Now, the State Department has insisted that it only discloses information when it is “confident” in it. (Confident like George W. Bush.) “Why would they lie?” you might ask. But here’s a possible explanation: some U.S. intelligence agents drew up a list of scenarios of ways in which Russia might invade Ukraine. They cite the possibility of a “false flag” operation as a particular danger, because it would give Russia a seemingly justified reason for an invasion. U.S. government officials realize that the best way to ensure this does not happen is to accuse Russia of planning such a pretext, because then nobody will believe them if they do make a claim of Ukrainian aggression. So they say Russia is planning such a thing, although when pressed, some officials seem to waffle and make statements more like it seems like the kind of thing the Russians would do. Now, you may think the United States government would never be so unethical as to make a false accusation. But all you need to assume is that government officials sometimes believe the ends justify the means, and that preventing Russian “aggression” is worth a bit of slippery language. There are plenty of rationalizations that might be offered for telling a lie that is thought to be in the interests of preserving peace.

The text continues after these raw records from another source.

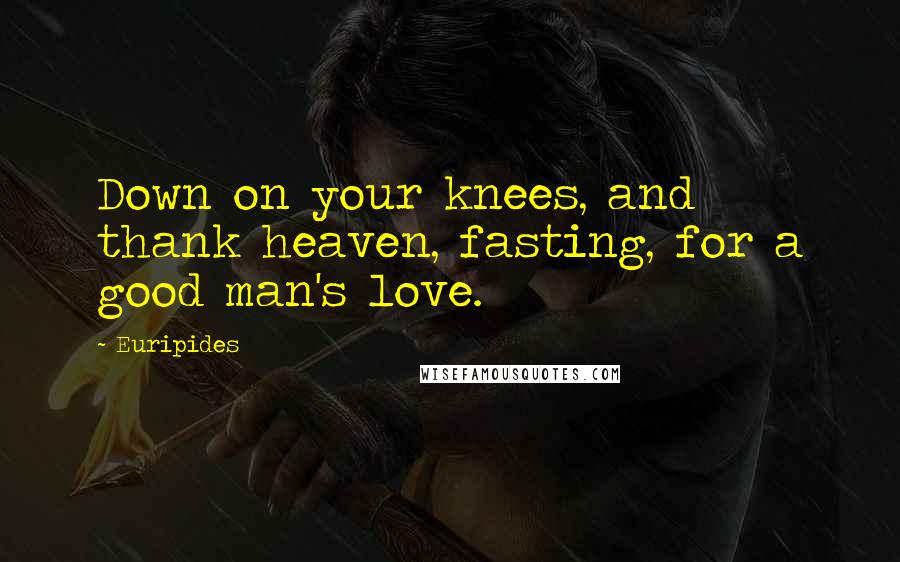 Euripides Quotes: Down on your knees, and thank heaven, fasting, for a good man's love.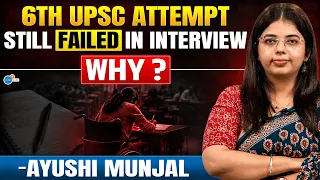 The Reality of 6 UPSC Attempts | Failure, Struggle & Comeback | Aayushi Munjal | Josh Talks #upsc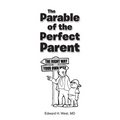 The Parable of the Perfect Parent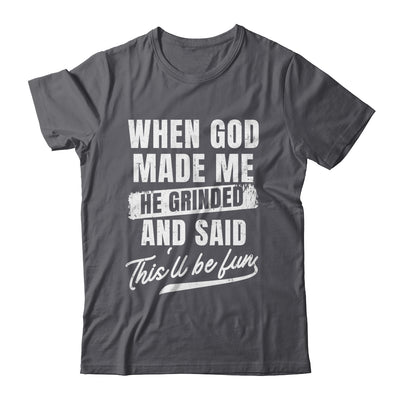 When God Made Me He Said This'll Be Fun Religious Christian Shirt & Tank Top | teecentury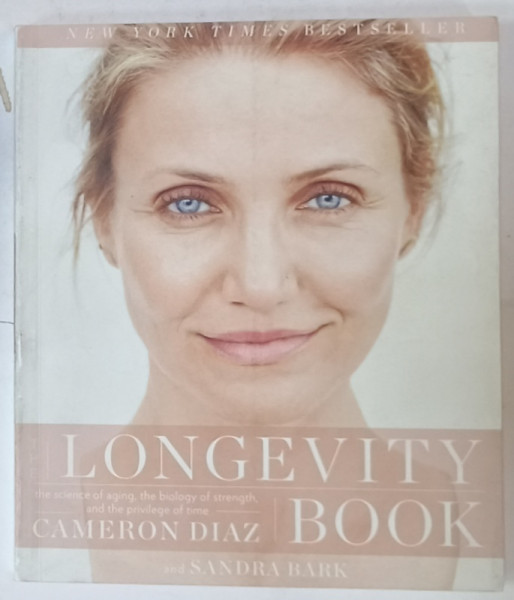 LONGEVITY  BOOK by CAMERON DIAZ and SANDRA BARK , ANII '2000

So: when tensions with Russia run high, that’s when we need journalists to be at their most aggressively adversarial toward our own government. We have been lied into wars before, and many people have suffered excruciating deaths as a result. We must not get fooled again, and if all of the media were like AP reporter Matt Lee, we would have a far better chance of finding out important truths that U.S. officials would prefer not to discuss. 


  1. I have labeled the speakers “AP” and “State Department” because I think it helps illuminate what the relationship between these two institutions, the press and the state, should be, more clearly than labeling them Matt and Ned.